喫煙に依存している成人における薬物治療の開始。米国胸部学会の公式臨床実践ガイドライン

※この時期のUpToDateにある”What’s new in family medicine”のTopicで参考にされている文献です。

-文献名-
Leone FT, Am J Respir Crit Care Med. 2020;202(2) :e5. 
Initiating Pharmacologic Treatment in Tobacco-Dependent Adults.
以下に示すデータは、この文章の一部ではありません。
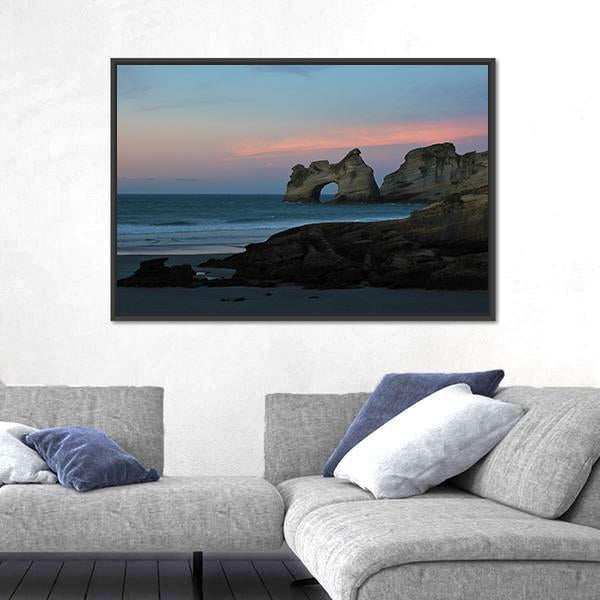 Sunset At Wharariki Beach New Zealand Canvas Wall Art-5 Horizontal-Gallery Wrap-22" x 12"-Tiaracle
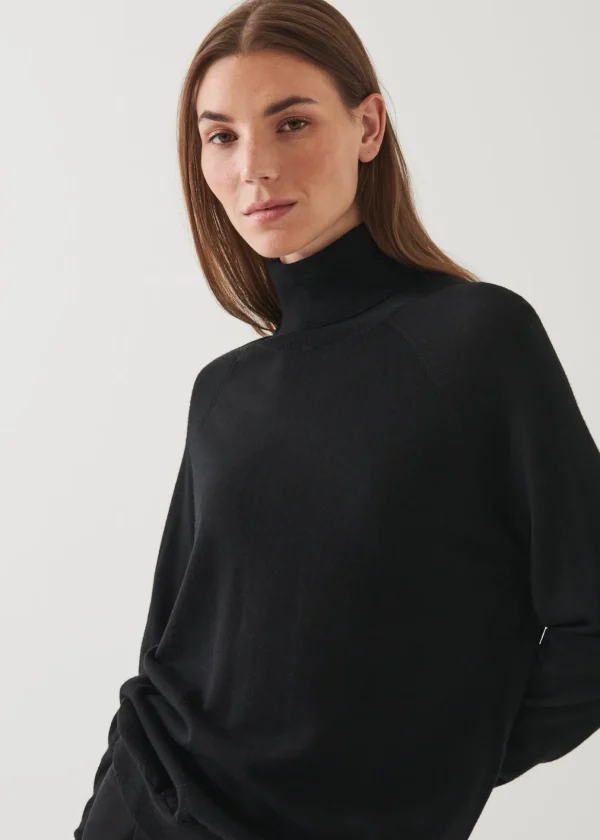 Superfine Merino Boyfriend Turtleneck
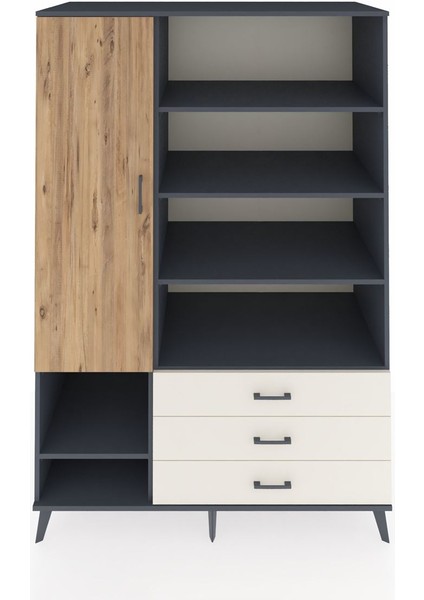 Kronos Dolap 9 Raflı 3 Çekmeceli Tek Kapaklı 132X59X195 Antrasit-Çam/aytaşı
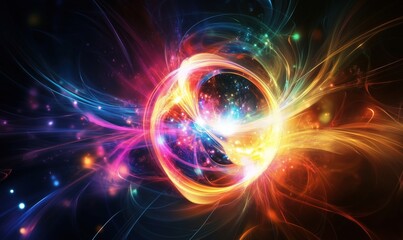Poster - Colorful abstract light trails creating a vibrant cosmic energy effect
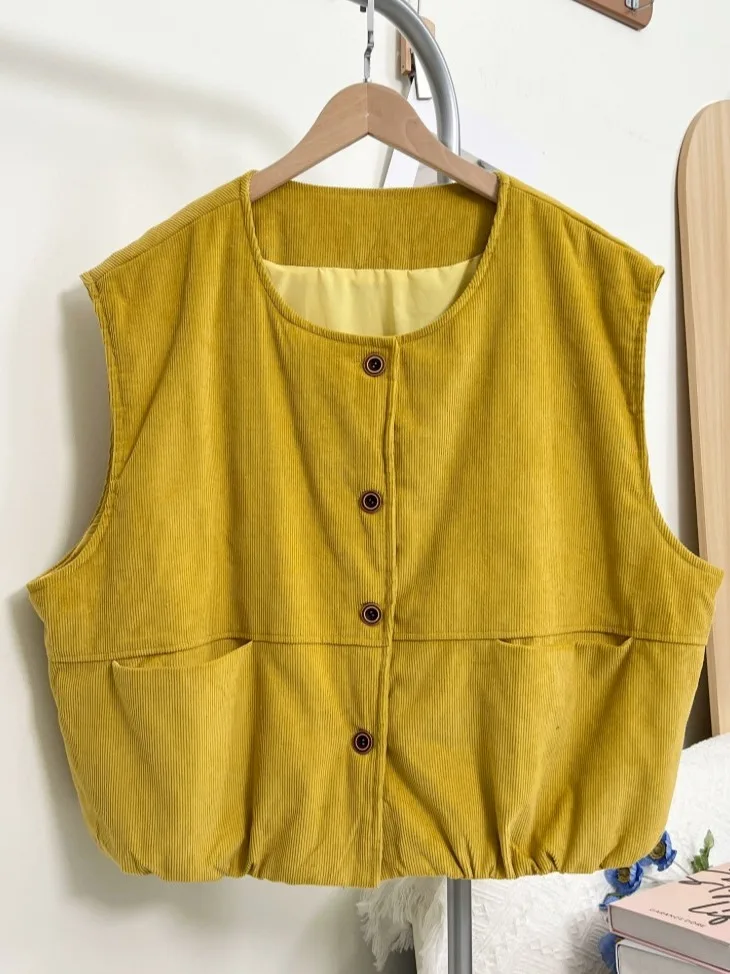 High-End Large Size Vest Winter New Sle Artistic Retro Big ket Corduroy Cotton Vest Casual Loose Fit Ladies Jaet
High-End Large Size Vest Winter New Sle Artistic Retro Big ket Corduroy Cotton Vest Casual Loose Fit Ladies Jaet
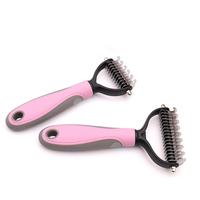 Brosse à poils auto-nettoyante pour animaux de compagnie en acier inoxydable écologique réutilisable, outil de démêlage pour enlever les poils, en plastique pour le toilettage des chiens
An Official American Thoracic Society Clinical
Practice Guideline.

-要約-
Introduction:
現在の喫煙治療ガイドラインは禁煙への介入の有効性を確立しているが、臨床で多く直面する一般的な実施に関する質問に対して、詳細なガイダンスは提供していない。
治療チームが日常的に直面するいくつかの薬物療法開始の質問に対して、根拠に基づくガイドラインが作成された。

Method:
臨床医にとって重要な質問と結果に優先順位をつけるために禁煙に関する多様な専門家たちが参加した
。エビデンス 作成チームはシステマティックレビューを行い、これらの質問に回答し推奨を提示した
。GRADE(Grading of Recommendations, Assessment, Development, and Evaluation)アプローチを用いて、効果の確実性と推奨の強さを示した。

Results:
ガイドラインでは薬物選択に関する5つの強い推奨と2つの条件付き推奨を策定した。
強い推奨事項にはニコチンパッチではなくバレニクリンの使用、ブプロピオン(日本未発売・抗うつ薬)ではなくバレニクリンの使用、精神疾患患者に対してニコチンパッチではなくバレニクリンの使用、禁煙の準備ができていない成人でのバレニクリンの開始、12週を超える延長治療期間の利用がある。
条件付きの推奨事項には、バレニクリンを単独で使用するのではなく、ニコチンパッチをバレニクリンと組み合わせたり、電子タバコではなくバレニクリンを使用したりすることが含まれる。

Discussion:
ガイドラインの推奨の数に制限があったため、全ての可能な薬物治療に対応できなかった。将来のガイドラインではバレニクリンが以前に失敗した患者、または以前にバレニクリン治療を拒否した患者に対する、最適なコントローラー戦略を検討する必要がある。